Average: 4.4 (35 votes)


  • ¼ head white cabbage (about 500 g), diced
  • 60 ml (¼ cup) vegetable oil
  • 8 rashers streaky bacon
  • 100 g (1 cup) grated mozzarella or cheddar cheese
  • 4 eggs
  • 250 ml (1 cup) barbecue sauce (or okonomiyaki sauce)
  • 60 ml (¼ cup) Japanese mayonnaise
  • 1 tbsp bonito flakes (katsuoboshi), (optional)
  • 3 thin spring onions, thinly sliced

Okonomiyaki batter

  • 300 g (2 cups) self-raising flour
  • 60 g (½ cup) cornflour
  • 375 ml (1½ cups) chicken stock or water
  • 2 eggs

Cook's notes

Oven temperatures are for conventional; if using fan-forced (convection), reduce the temperature by 20˚C. | We use Australian tablespoons and cups: 1 teaspoon equals 5 ml; 1 tablespoon equals 20 ml; 1 cup equals 250 ml. | All herbs are fresh (unless specified) and cups are lightly packed. | All vegetables are medium size and peeled, unless specified. | All eggs are 55-60 g, unless specified.

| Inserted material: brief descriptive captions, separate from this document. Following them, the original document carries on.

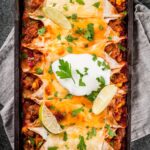 Spicy Chicken Enchiladas Recipe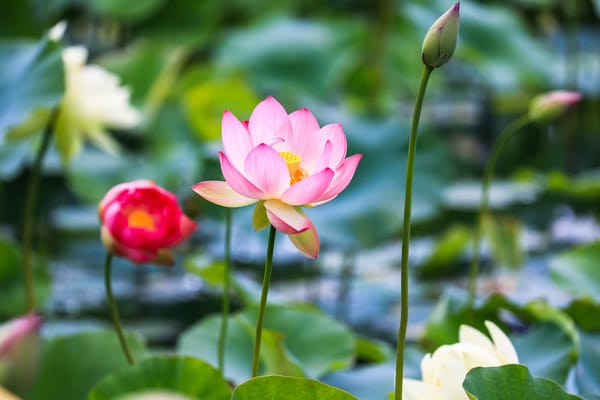 Обои Lotus, водяная красавица, красивые цветы, водоём, цветок, лотос, красивый цветок, цветы, флора, лотосы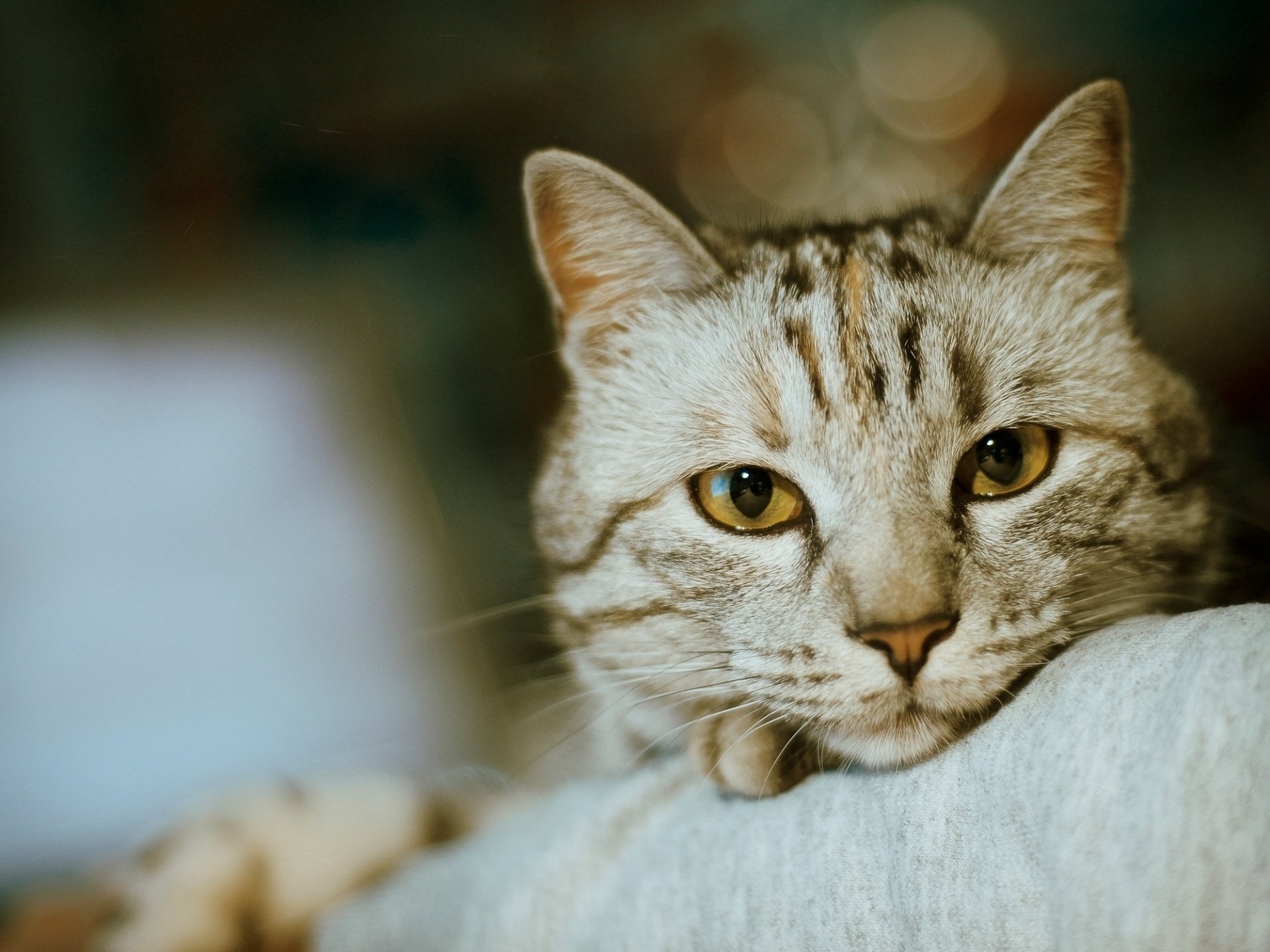 katze nase augen schnurrbart bokeh schnauze foto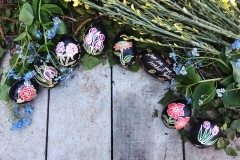 medimurska-crna-pisanica-IMG_20190420_115510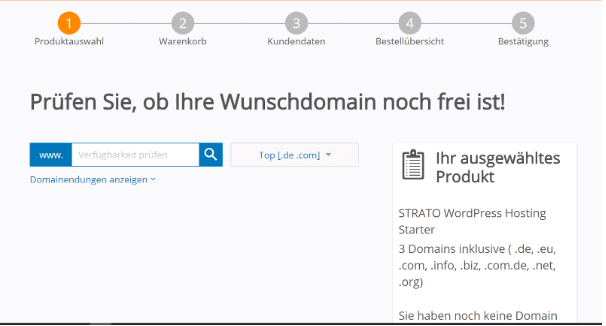 Produktauswahl und Prüfen der Wunschdomain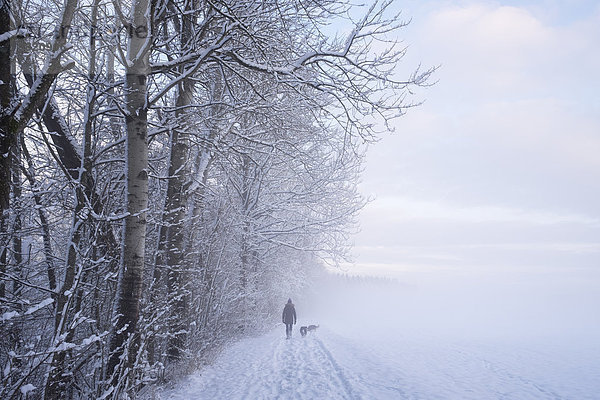 Deutschland  Gelting  Wanderer mit zwei Hunden in Winterlandschaft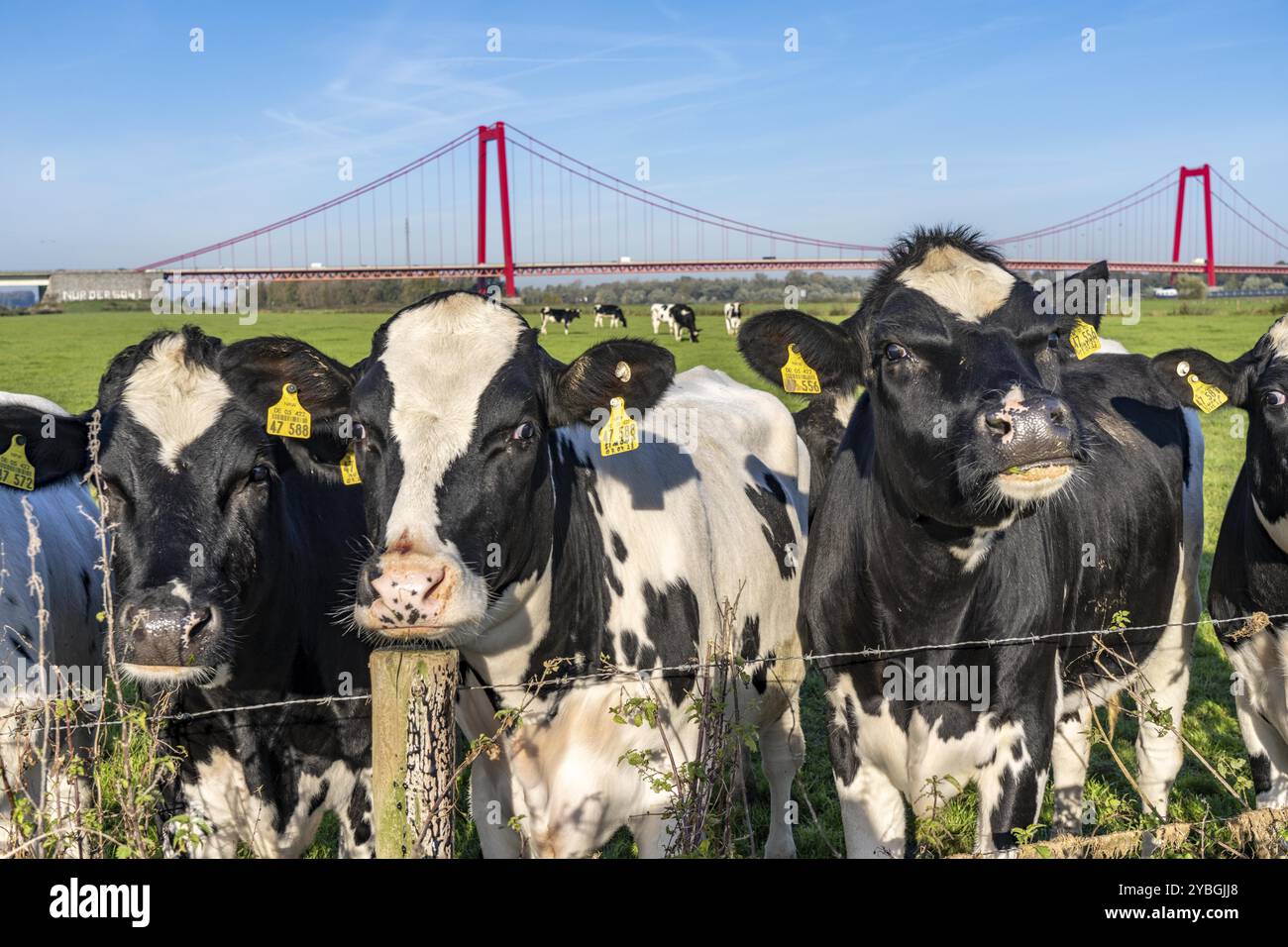 Il ponte sul Reno Emmerich, strada federale B220, il ponte sospeso più lungo della Germania, è attualmente in fase di ristrutturazione, danni al ponte, pascolo sulla riva sinistra, CA Foto Stock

  1. For the okonomiyaki batter, mix all the ingredients together in a large bowl. Add the diced cabbage and stir to combine.
  2. Heat a large, lidded frying pan over medium heat and add a little of the oil. Place 2 rashers of bacon in the centre of the pan and place about 1 cup of the cabbage mixture on top. Scatter with a little cheese, then top with another cup of mixture. As the mixture cooks down, form it into a disc about 20 cm in diameter, without pressing the mixture down from the top. Cover and cook for about 8 minutes, then flip the pancake, cover and cook for another 6-8 minutes or until cooked through, continuing to mould the pancake as it cooks.
  3. While the okonomiyaki is cooking, heat a drizzle of oil in a separate frying pan over medium heat. Crack one of the eggs into the pan and fry until cooked to your liking.
  4. Remove the okonomiyaki from the pan and place the egg on top. Cover with the barbecue sauce and mayonnaise, then scatter with the bonito flakes (if using) and spring onions to serve. Repeat with the remaining ingredients to make 4 okonimayake. You can make one large one if you prefer or have a couple of pans on the go at the same time.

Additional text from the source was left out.